Had he done all this himself? Or had a wayfarer, a burglar, camped out in his room? Or was he the victim of some Horla fond of tobacco? He thought that on the whole he must have done it himself, and wished he hadn't. Surely this would mean the loss of his job, especially if he failed to go to Mrs Welch and confess what he'd done, and he knew already that he wouldn't be able to do that. There was no excuse which didn't consist of the inexcusable: an incendiary was no more pardonable when revealed as a drunkard as well - so much of a drunkard, moreover, that obligations to hosts and fellow-guests and the counter-attraction of a chamber-concert were as nothing compared with the lure of the drink.
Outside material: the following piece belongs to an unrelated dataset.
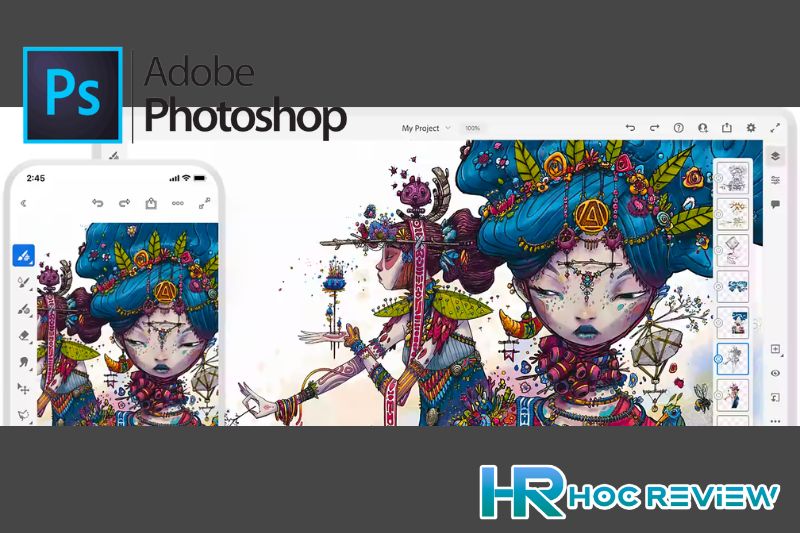 Phần mềm vẽ trên máy tính miễn phí - Adobe Photoshop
The only hope was that Welch wouldn't notice what his wife would presumably tell him about the burning of the bedclothes. But Welch had been known to notice things, the attack on his pupil's book in that essay, for example. But that had really been an attack on Welch himself; he couldn't much care what happened to sheets and blankets which he wasn't actually using at the time. Dixon remembered thinking on an earlier occasion that to yaw drunkenly round the Common Room in Welch's presence screeching obscenities, punching out the window-panes, fouling the periodicals, would escape Welch's notice altogether, provided his own person remained inviolate. The memory in turn reminded him of a sentence in a book of Alfred Beesley's he'd once glanced at: "A stimulus cannot be receivcd by the mind unless it serves some need of the organism." He began laughing, an action he soon modified to a wince.